■ **Extracted information**

Segment Open

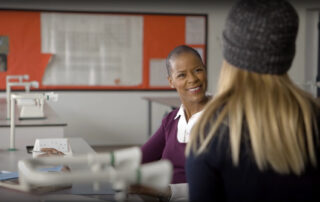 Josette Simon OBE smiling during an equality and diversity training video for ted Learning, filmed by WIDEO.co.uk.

Segment Closed
Segment Open

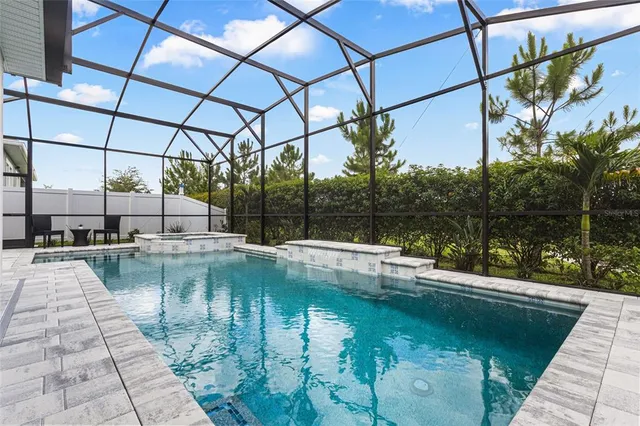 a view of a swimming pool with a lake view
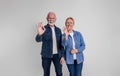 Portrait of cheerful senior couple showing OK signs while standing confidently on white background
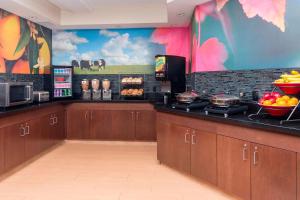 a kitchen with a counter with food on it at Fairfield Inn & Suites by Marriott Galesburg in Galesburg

Segment Closed

■ **Try it**
Taking the entries above, copy word for word the lines from the one with "Portrait of cheerful" up to and including the one with "a kitchen with", without any picture.

■ **Answer to the exercise**
 Portrait of cheerful senior couple showing OK signs while standing confidently on white background
 a kitchen with a counter with food on it at Fairfield Inn & Suites by Marriott Galesburg in Galesburg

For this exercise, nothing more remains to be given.